Boiling A Kettle Of Water With E=mc2?
For the laymen who has not much of a picture of how E=mc² fails, I’ll give a simplest of example. Energy may most accurately (even when it involves energy of flying protons within those most advanced Large Hadron Collider, the LHC) be estimated by how man kettles of water that may be brought to boil with an amount of energy. A chemist can do a very good estimate of how many kettle of water may be brought to boil by burning 1 litre of gasoline (after some estimates of heat lost). Engineers too have good estimates of how many miles a gallon of petrol may give to a model of a motorbike.

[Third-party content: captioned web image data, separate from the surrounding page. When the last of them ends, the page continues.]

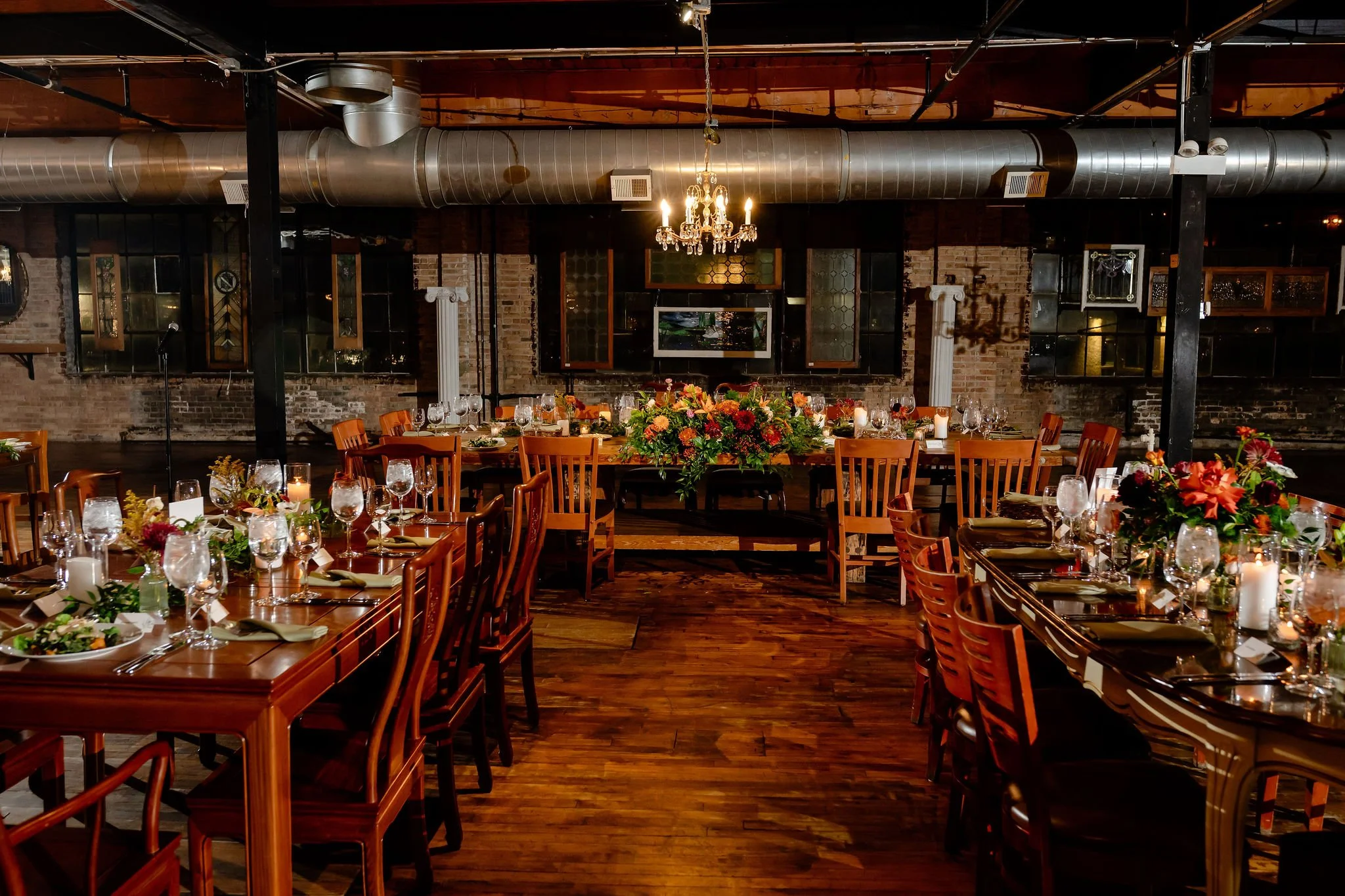 Head table with flowers and candles for wedding reception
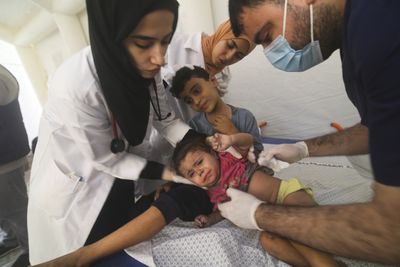 ‘So world knows’: Gaza parents mark children’s names on bodies amid bombing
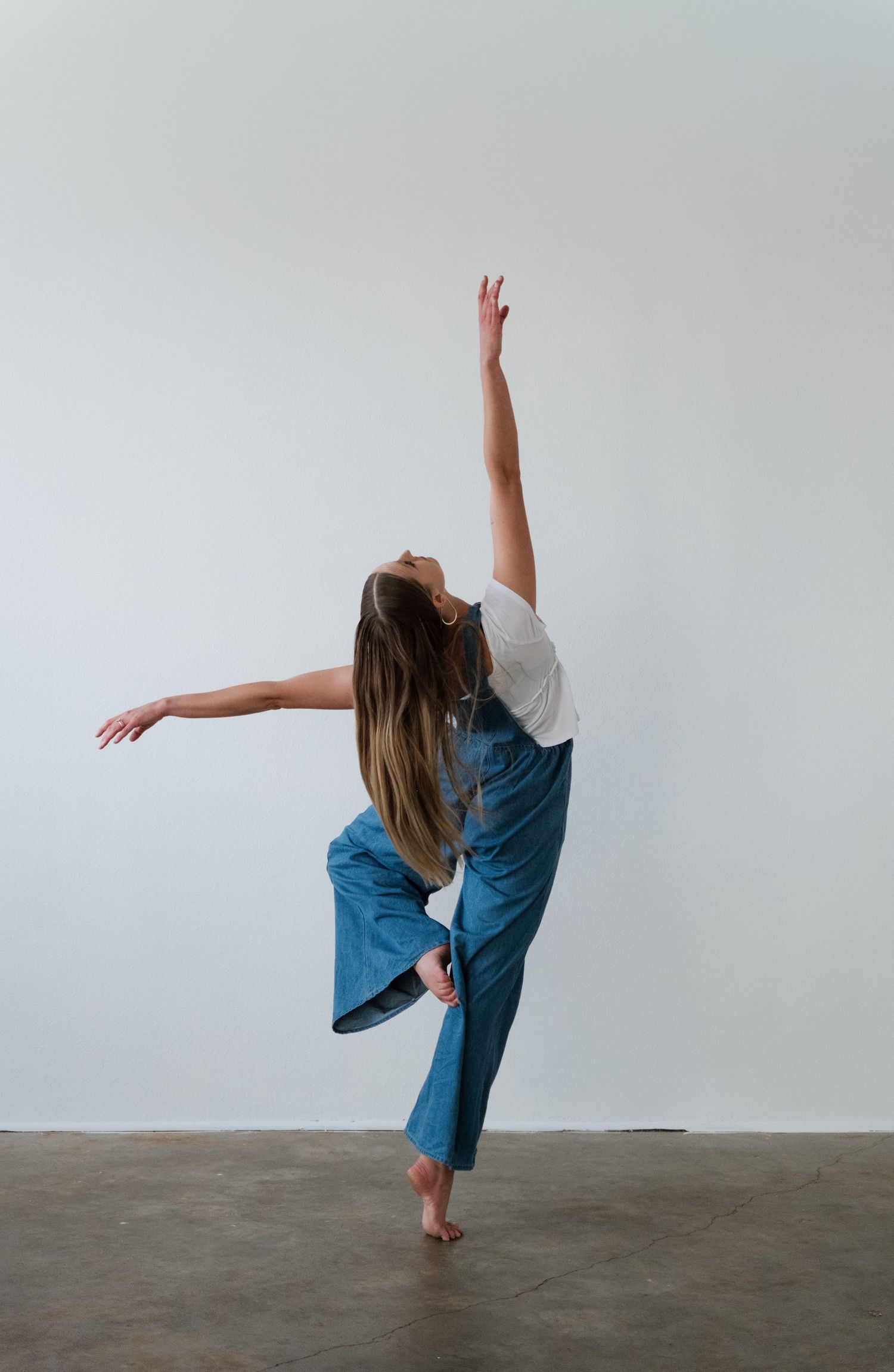 A dancer balances on one foot in blue wide-leg overalls, arms extended gracefully against a white studio wall.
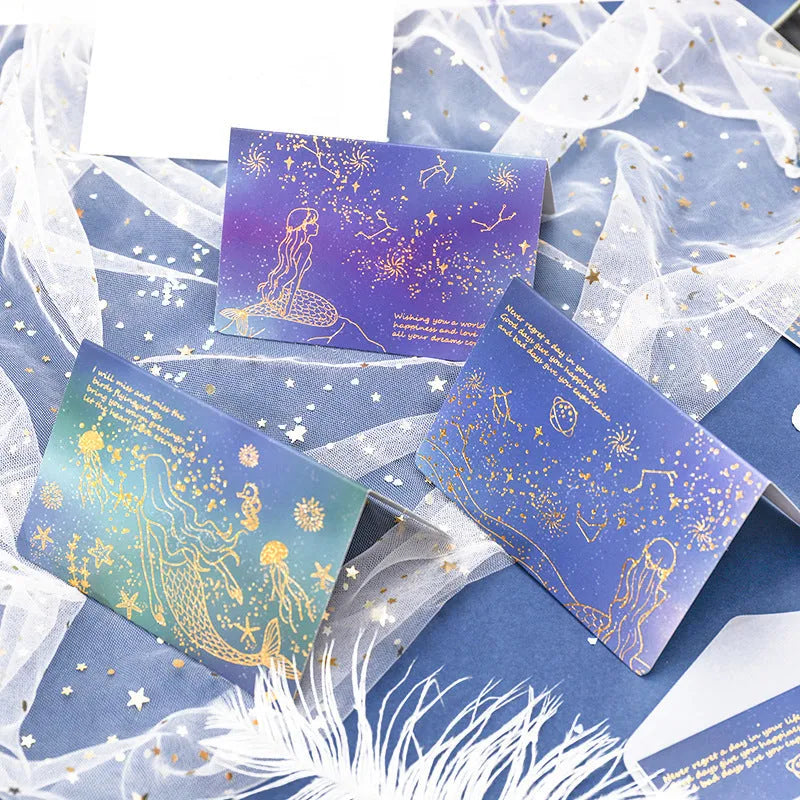 Three decorative paper envelopes with bronzing mermaid design in assorted colours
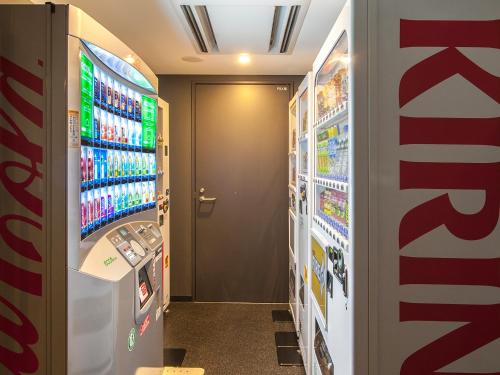 a convenience store aisle with a soda machine at Hakata Green Hotel Annex in Fukuoka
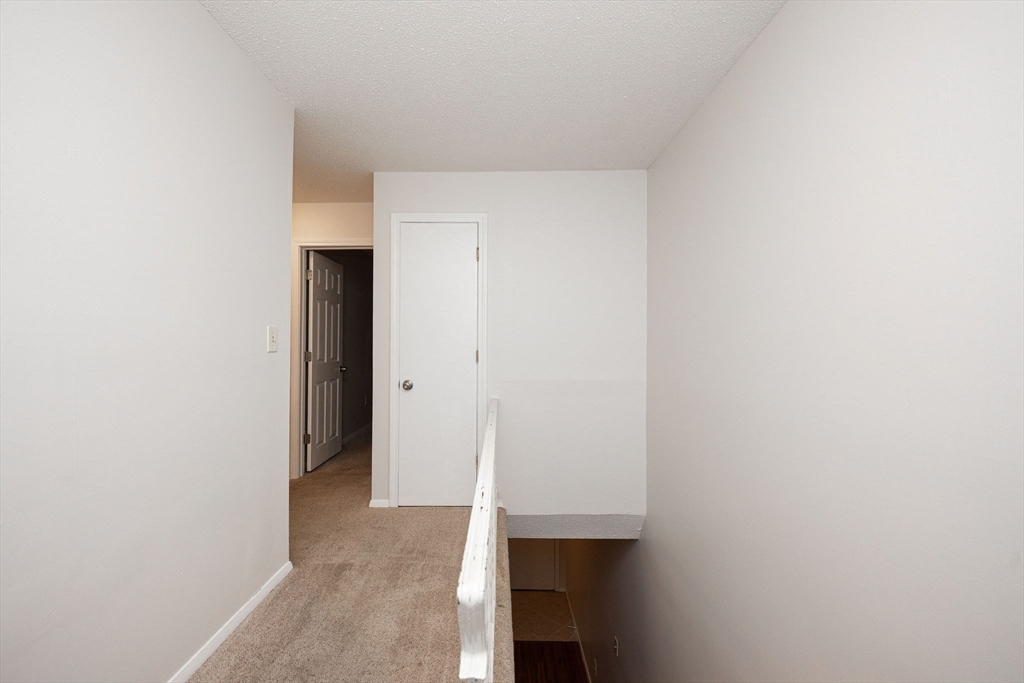 618 Edgebrook Drive, Unit 618 Boylston, MA 01505 - Photo 15 of 37 a view of hallway with closet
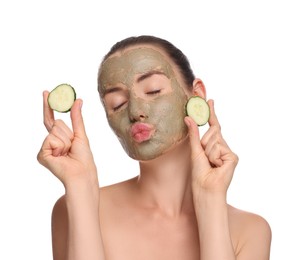 Beautiful woman with clay mask holding pieces of cucumber and blowing kiss on white background
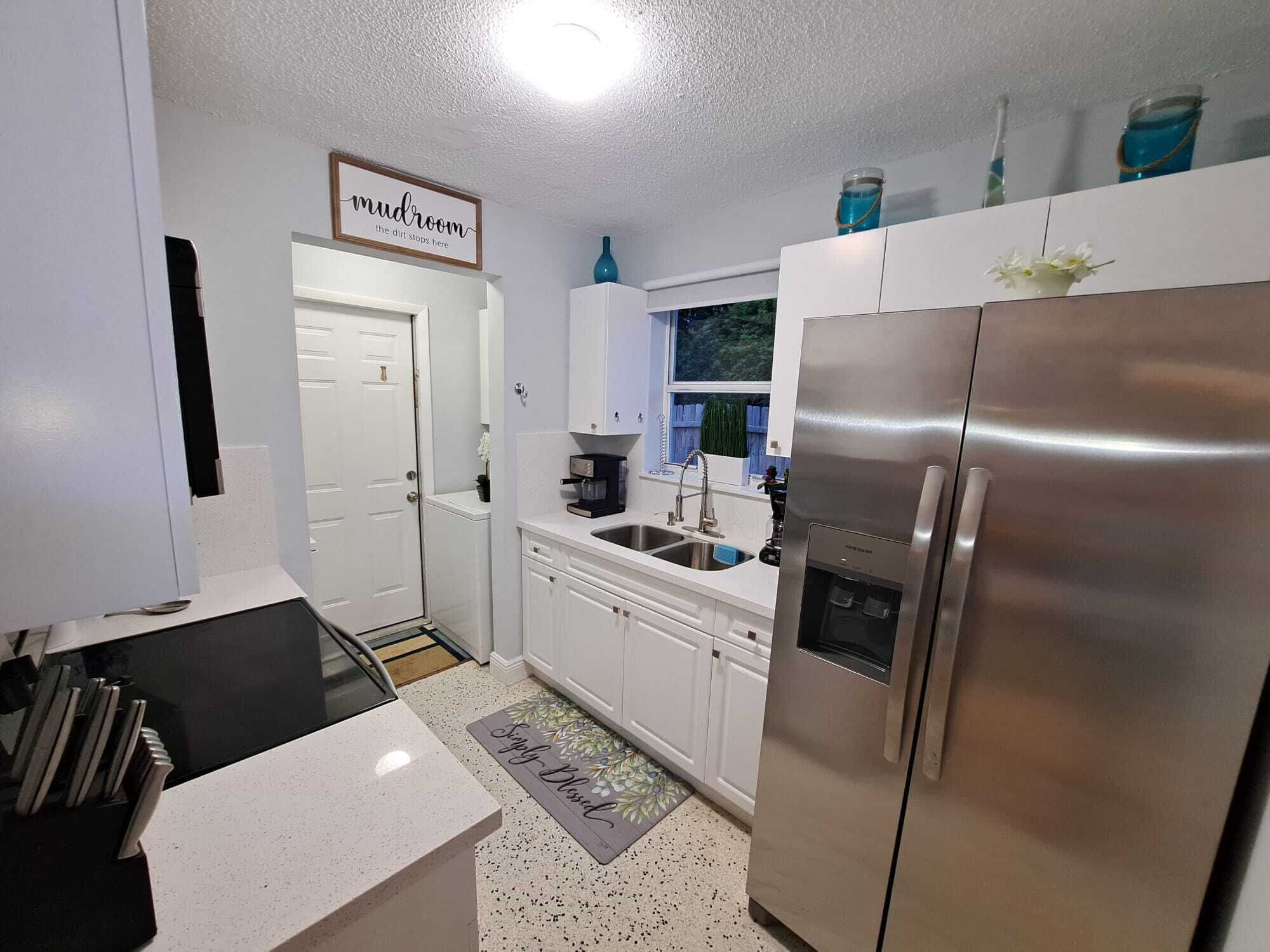 A compact kitchen with white cabinets, a stainless steel refrigerator, a coffee maker, and a window with a view of greenery.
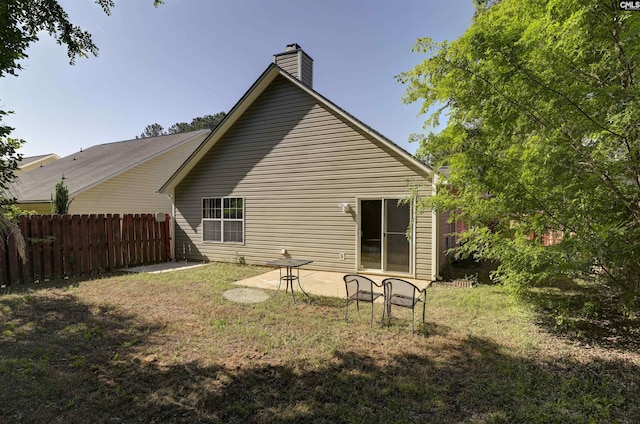back of house featuring a yard, a patio, fence, and a chimney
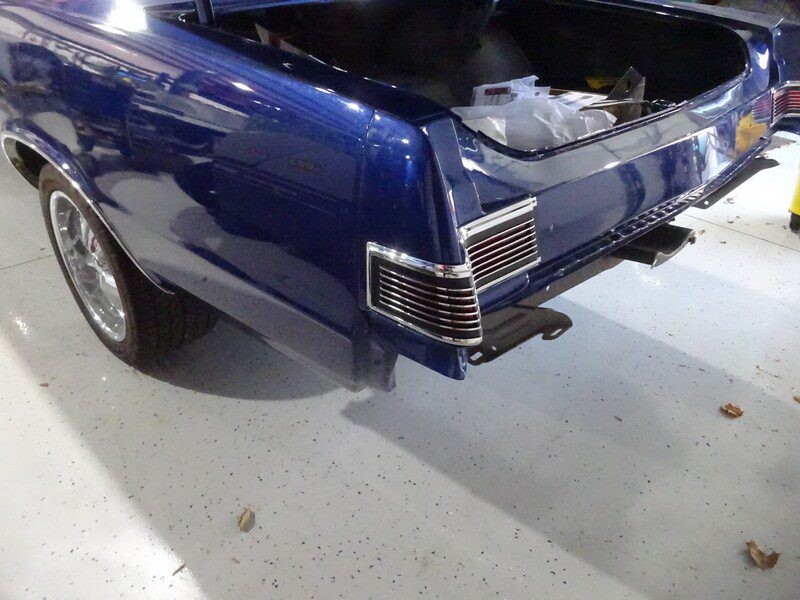 Here's an alt tag for the image: Blue classic car's rear end.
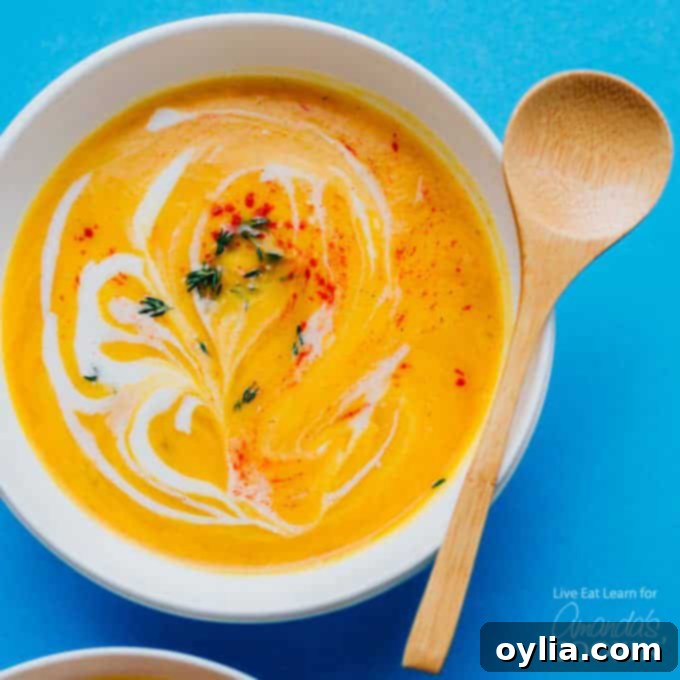 Creamy cauliflower soup in a bowl with a wooden spoon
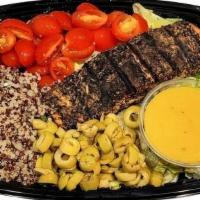 Salmon Quinoa Power Meal · A delicious meal with Greens, Cherry tomatoes, Quinoa, Green Olives, topped with a white win...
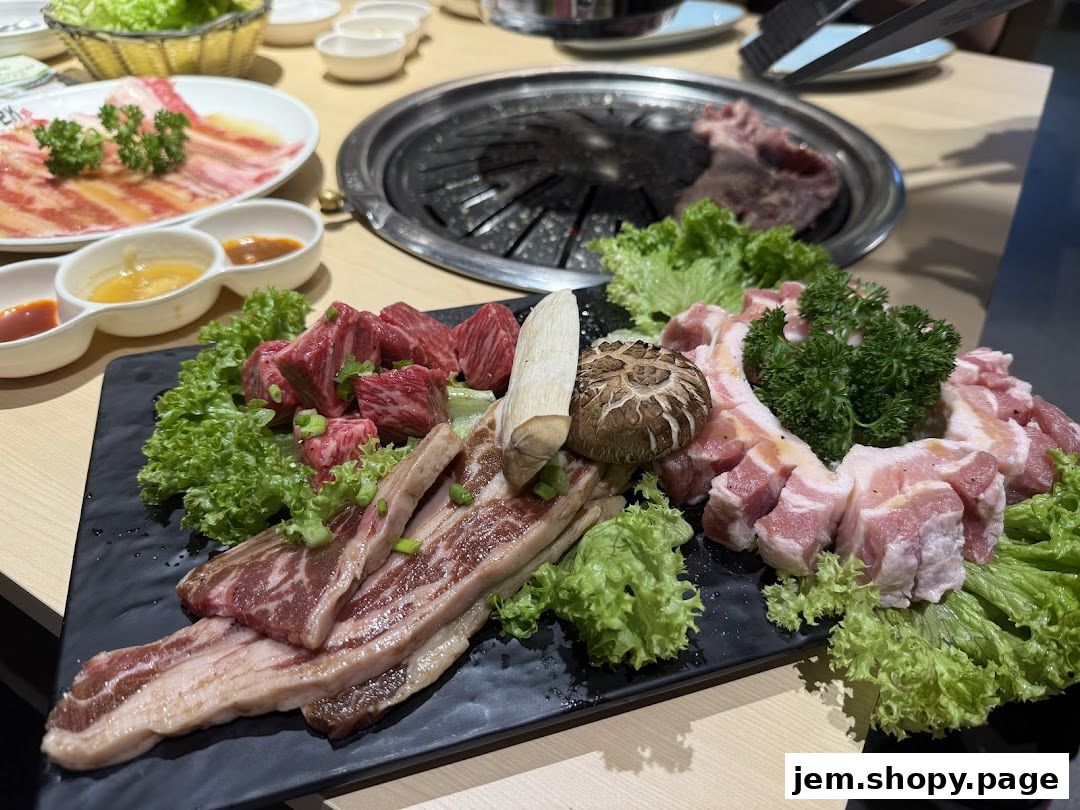 A platter of raw meats, including beef and pork belly, with lettuce and sauces.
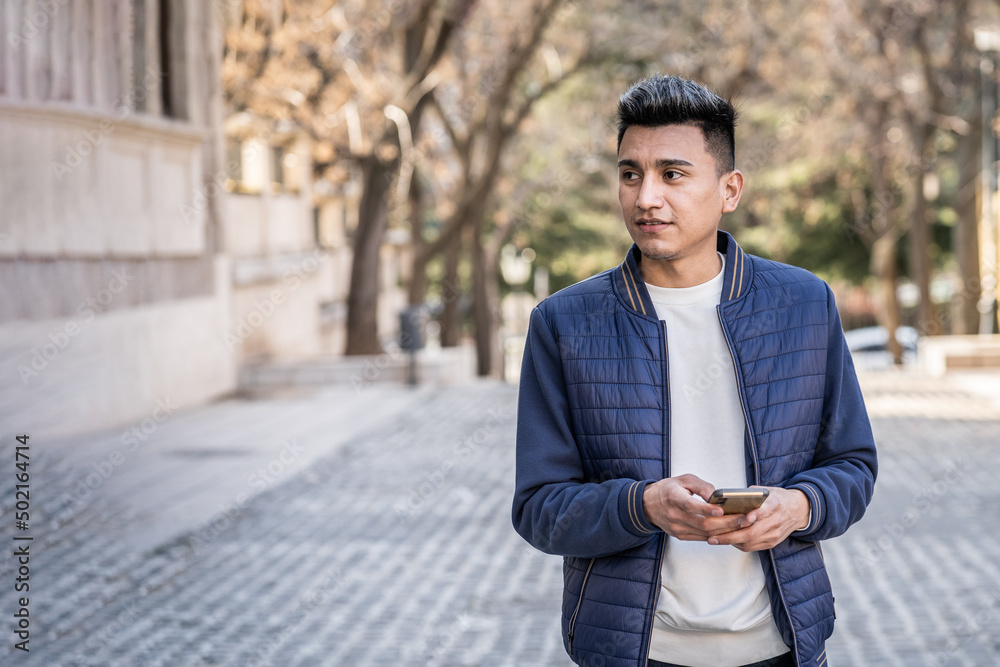 Obraz premium A young man standing on the street holding phone while looking away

What about the physicists at the CERN running the Large Hadron Collider? Say there is a process which produces an amount of energy. The CERN physicists make an estimate of how much that amount of energy is, in the number of kettles of water that may be brought to boil; say their estimate is 15,000 kettles. Then a gadget is invented to convert the amount of energy of the process to boil kettles of water (assuming no significant energy wastage). It is found that the amount of energy can only boil 1 kettle of water – not 15,000 kettles! There is no excuse for the CERN physicists to make an estimate that is out by a factor of 15,000! What really is the problem is that they are using invalid formulas; had they stick to using the old formula for kinetic energy as what high school students are taught, their estimate would come out right – 1 kettle of water.
The method of computing the energy through heat produced is called calorimetry.